A total of 290,194 tourists arrived at the Punta Cana International Airport in January, 66.6% of all tourists arriving in the Dominican Republic that month, since Punta Cana has the largest number of resorts in the country. An additional 14,856 passengers traveled to Punta Cana in January 2015 compared to January 2014.
14.3% of arrivals flew to Las Americas International Airport (Santo Domingo) followed by 11.2% to Puerto Plata, 3.1% to La Romana and 2.9% to Santiago’s international airports. Northern Santo Domingo’s La Isabela and El Catey in Samana made up for the remainder 1.9% of travelers.
The Central Bank reports that a study of the bank’s preliminary data has allowed for a revision of the 7.1 % growth in GDP in 2014 to 7.3 %. The Central Bank says that the additional 0.2 % comes from construction that was originally estimated to have value added growth of 11.4 % for January-December. This has been revised to 13.8%.
Growth rates by sector were as follows: farming (4.4%), mining (20.3%), local manufacturing (5.5%), construction (13.8%), energy and water (4.7%), commerce (4.9%), hotels, bars and restaurants (7.5%), transport and warehousing (6%), communications (5.2%), financial services (9.1%), education (8.4%) and health (7.6%), for a combined 70%.
The growth of the sector has been attributed to an increase in steel rebar sales from 15.1% to 17.6%, and in loans.
According to the Central Bank, 2014 was a year of economic consolidation.
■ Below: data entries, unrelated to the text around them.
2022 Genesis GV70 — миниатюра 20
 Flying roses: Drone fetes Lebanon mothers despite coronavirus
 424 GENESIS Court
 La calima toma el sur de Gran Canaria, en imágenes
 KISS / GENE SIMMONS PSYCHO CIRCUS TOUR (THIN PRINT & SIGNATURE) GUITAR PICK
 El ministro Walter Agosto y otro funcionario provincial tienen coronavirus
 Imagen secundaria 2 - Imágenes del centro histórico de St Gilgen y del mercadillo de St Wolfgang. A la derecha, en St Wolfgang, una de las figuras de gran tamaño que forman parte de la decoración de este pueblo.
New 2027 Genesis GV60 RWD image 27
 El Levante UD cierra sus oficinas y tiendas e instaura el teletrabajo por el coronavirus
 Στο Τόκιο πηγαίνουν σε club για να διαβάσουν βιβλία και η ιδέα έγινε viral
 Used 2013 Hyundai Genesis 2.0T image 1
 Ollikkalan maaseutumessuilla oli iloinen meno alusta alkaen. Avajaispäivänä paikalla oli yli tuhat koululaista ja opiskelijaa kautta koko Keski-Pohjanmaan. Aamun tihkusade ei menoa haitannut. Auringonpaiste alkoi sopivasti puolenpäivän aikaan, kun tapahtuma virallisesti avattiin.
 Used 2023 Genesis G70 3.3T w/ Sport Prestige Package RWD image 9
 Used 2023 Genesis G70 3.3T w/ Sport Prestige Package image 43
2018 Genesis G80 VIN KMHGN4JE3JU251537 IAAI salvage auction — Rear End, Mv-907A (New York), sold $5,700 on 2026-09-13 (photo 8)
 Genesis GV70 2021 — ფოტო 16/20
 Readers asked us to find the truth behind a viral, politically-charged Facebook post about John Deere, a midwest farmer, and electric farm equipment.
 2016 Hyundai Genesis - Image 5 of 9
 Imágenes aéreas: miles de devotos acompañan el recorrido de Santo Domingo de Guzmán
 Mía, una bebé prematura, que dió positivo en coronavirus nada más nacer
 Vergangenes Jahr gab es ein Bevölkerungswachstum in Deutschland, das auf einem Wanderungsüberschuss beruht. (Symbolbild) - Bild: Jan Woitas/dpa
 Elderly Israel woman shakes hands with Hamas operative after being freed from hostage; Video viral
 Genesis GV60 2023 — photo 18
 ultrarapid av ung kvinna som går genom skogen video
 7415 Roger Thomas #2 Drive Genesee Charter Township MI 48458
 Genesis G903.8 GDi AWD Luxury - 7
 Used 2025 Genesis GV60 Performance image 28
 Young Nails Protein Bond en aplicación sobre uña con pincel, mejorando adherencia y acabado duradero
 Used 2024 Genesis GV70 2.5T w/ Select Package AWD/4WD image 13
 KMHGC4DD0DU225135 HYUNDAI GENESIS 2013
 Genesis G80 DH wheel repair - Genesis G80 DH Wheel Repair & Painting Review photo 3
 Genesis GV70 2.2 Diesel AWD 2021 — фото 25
The Central Bank reports that tourism growth of 7.5 % of GDP in 2014 was 3.6 % greater than in 2013. The Central Bank attributes the growth of the sector to a 9.6 % increase in non-resident passenger arrivals. There was also a 3.1 % increase in the national hotel room inventory, with 2,060 new rooms added this year. The Central Bank says that tourism receipts increased by 11.3 %, with tourism contributing an estimated US$5.64 billion to the economy in 2014.